Data excerpts.
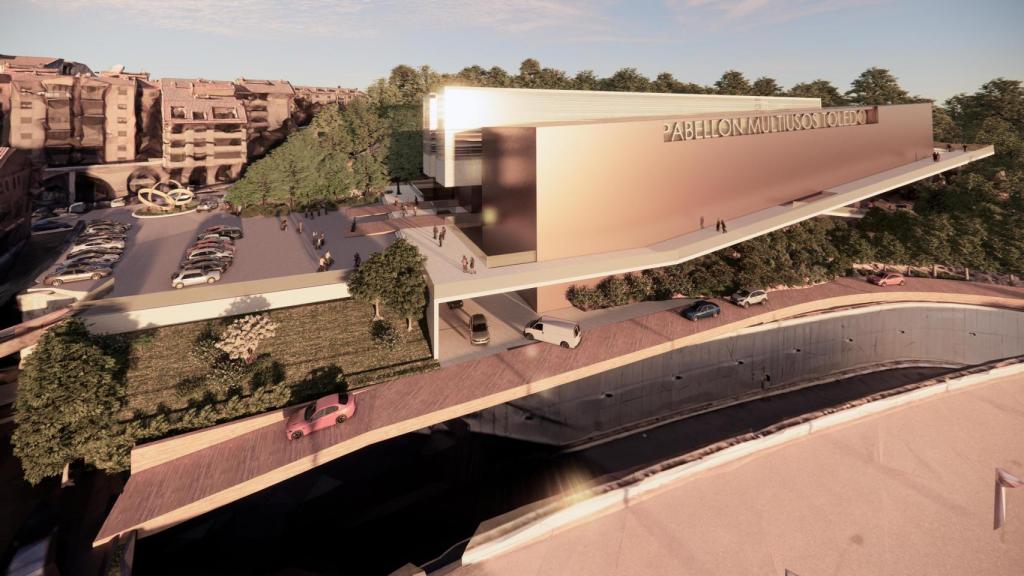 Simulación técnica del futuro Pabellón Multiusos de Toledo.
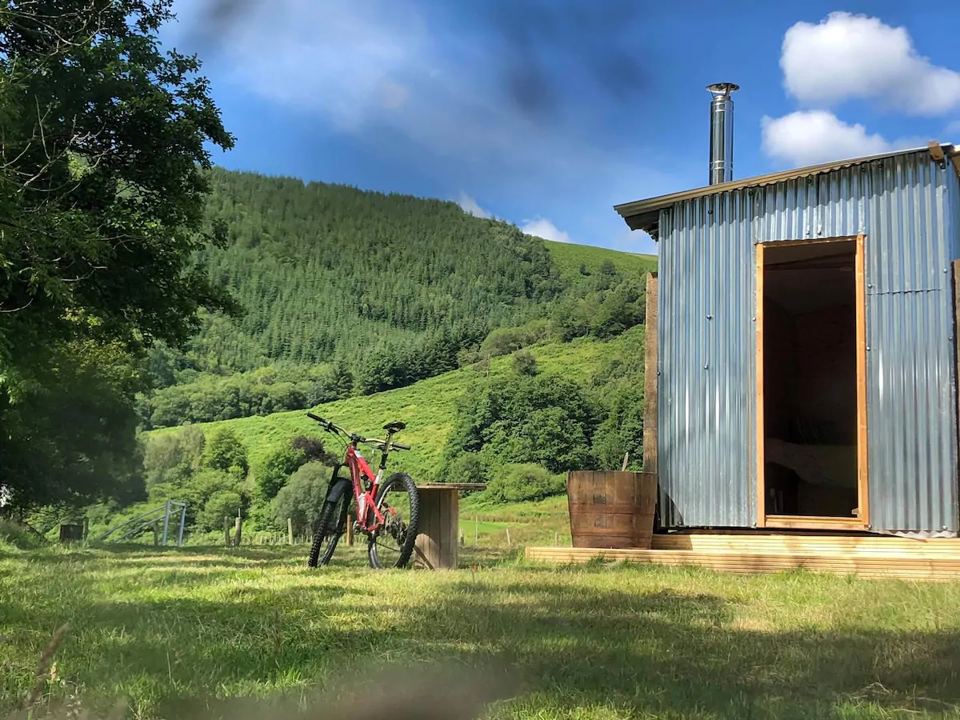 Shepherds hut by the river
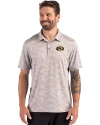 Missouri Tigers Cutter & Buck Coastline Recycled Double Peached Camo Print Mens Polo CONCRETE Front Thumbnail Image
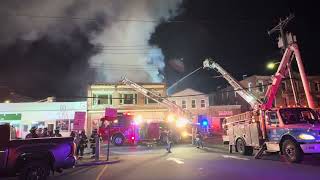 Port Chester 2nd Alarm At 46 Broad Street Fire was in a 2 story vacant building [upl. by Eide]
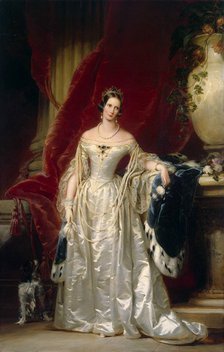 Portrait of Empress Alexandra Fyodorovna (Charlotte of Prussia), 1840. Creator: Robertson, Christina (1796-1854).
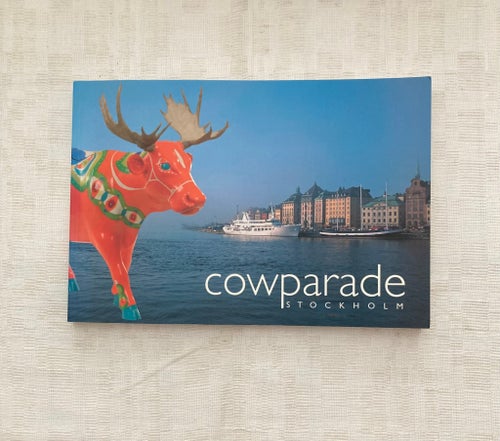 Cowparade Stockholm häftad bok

--

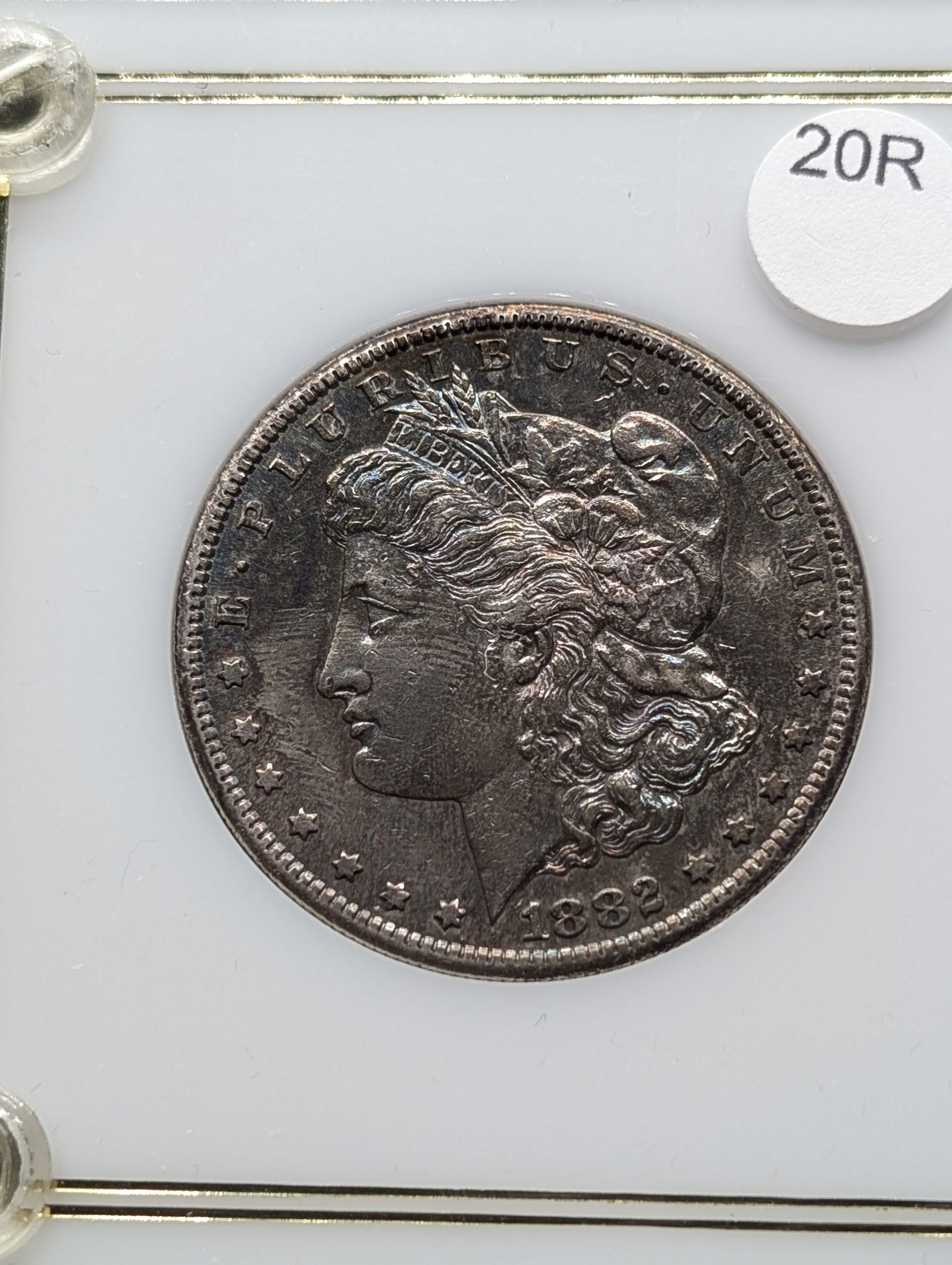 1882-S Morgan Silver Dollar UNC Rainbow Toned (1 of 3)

==

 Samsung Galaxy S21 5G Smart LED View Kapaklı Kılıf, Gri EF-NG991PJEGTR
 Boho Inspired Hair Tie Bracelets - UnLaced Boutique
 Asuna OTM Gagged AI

Task prompt. Take only the lines above from the one that has "Port Chester 2nd" through the one that has "Cowparade Stockholm häftad bok" and reproduce them exactly, omitting any pictures.

Exercise output.
 Port Chester 2nd Alarm At 46 Broad Street Fire was in a 2 story vacant building [upl. by Eide]
 Portrait of Empress Alexandra Fyodorovna (Charlotte of Prussia), 1840. Creator: Robertson, Christina (1796-1854).
 Cowparade Stockholm häftad bok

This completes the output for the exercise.